欧州は今後ギリシャに対して85bioEUR規模の追加融資を最終決定する予定ですが、詳細の最終決定が予定されている7月11日までにPrivate Investorsからの30bioEUR規模の自主的な参画が予定通り確保出来るかどうかが次の山場になるでしょう。
市場の一部には早くもギリシャ問題一服後はECBが金融引き締め路線に回帰するのではないかと言う思惑も出始めているのですが、個人的には短絡的とも感じるものの先週は6月のCPIが2.7%とECBがターゲットとしている2%を大きく上回る中で金融市場はギリシャ等周縁国問題を理由に年内のECB利上げ可能性の織込みを70%割れ水準まで落としてきている事を材料にEURのロングメイクに動く勢力もあったようです。
EURの正反対の状況だったのがGBPで非常に弱い動きをしていましたが、BOEのハト派的なバイアスが更に強まっている事もあってGBPは暫く下値を探る展開となる可能性が高そうです。

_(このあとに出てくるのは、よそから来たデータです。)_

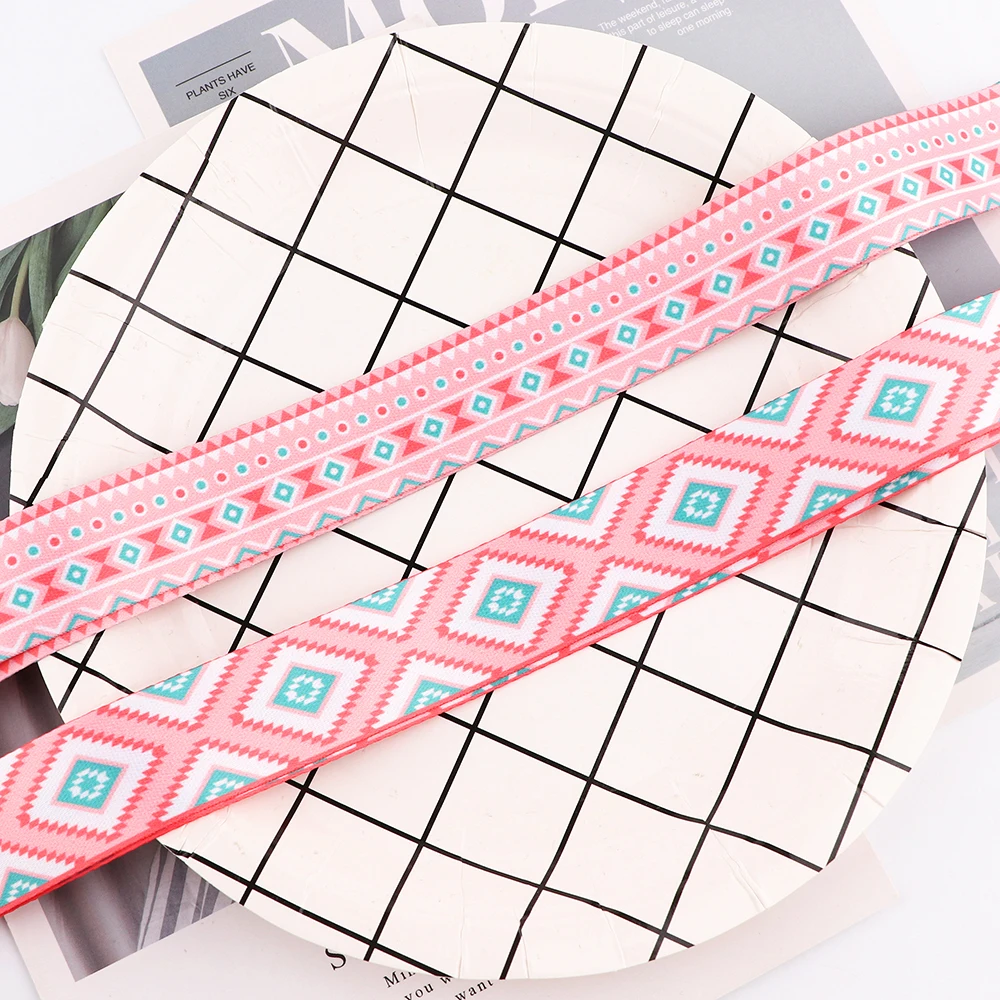 CB775 Bohemian Style Fashion Lanyards For keychain ID Card Pass Mobile Phone USB Badge Holder Hang Rope Lariat Lanyard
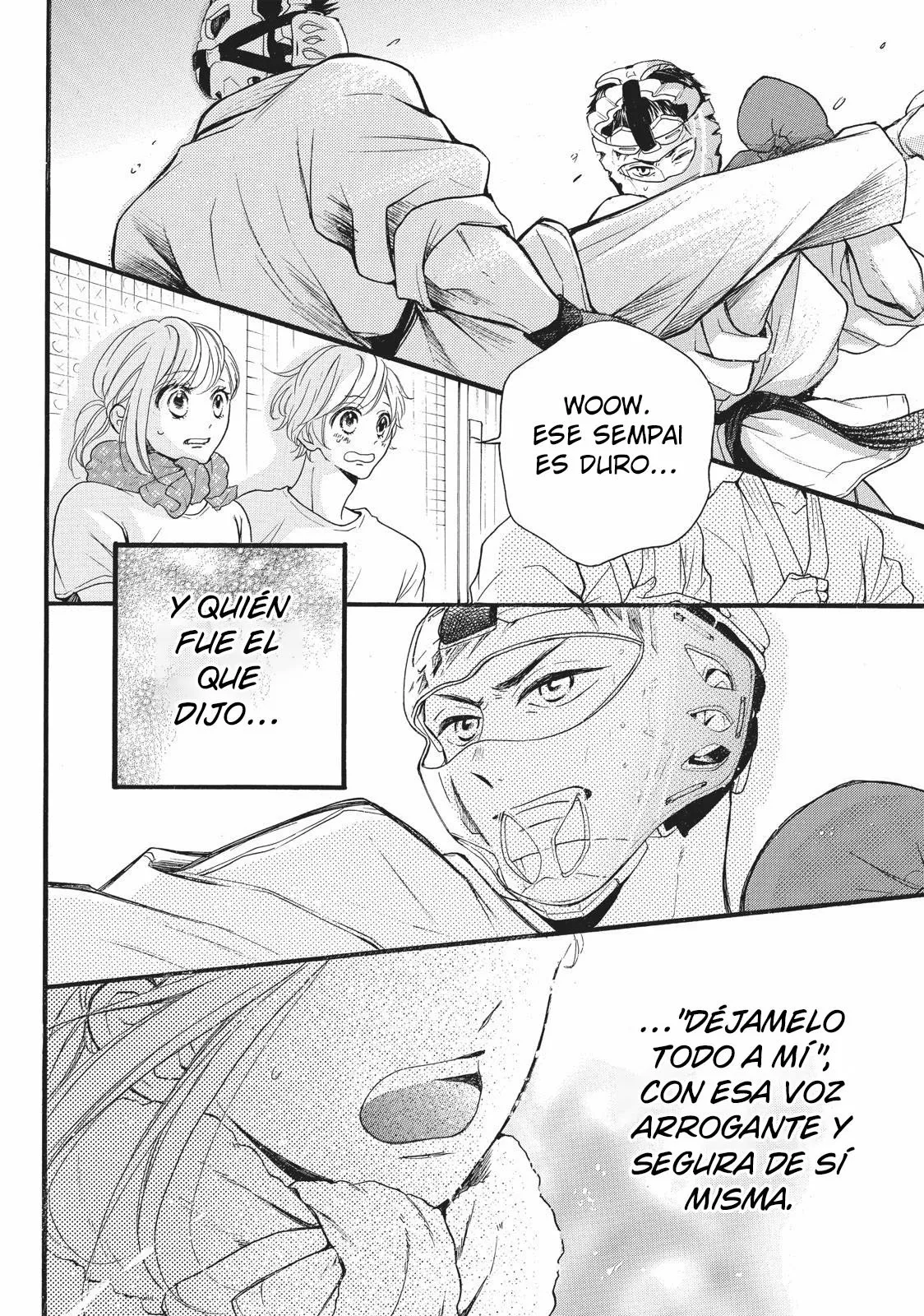 Abe-kun ni Nerawaretemasu Capítulo 5 - Page 35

Big GainnerとなったのがCADでした。カナダのCPIが実に8年振りとなる3.7%にまでJUMPしてしまった事で中央銀行であるBOC幹部からも警戒を強める発言が相次いでいます。BOCのインフレターゲットも2%が上限なので3.7%は放置出来ないと思うのは当然なのですが、年内にも25bpの利上げを2回は行うのではないかと言う思惑が急上昇しています。
それにしても足元のConsplidationは双方向へのSWINGがとても大きいですね。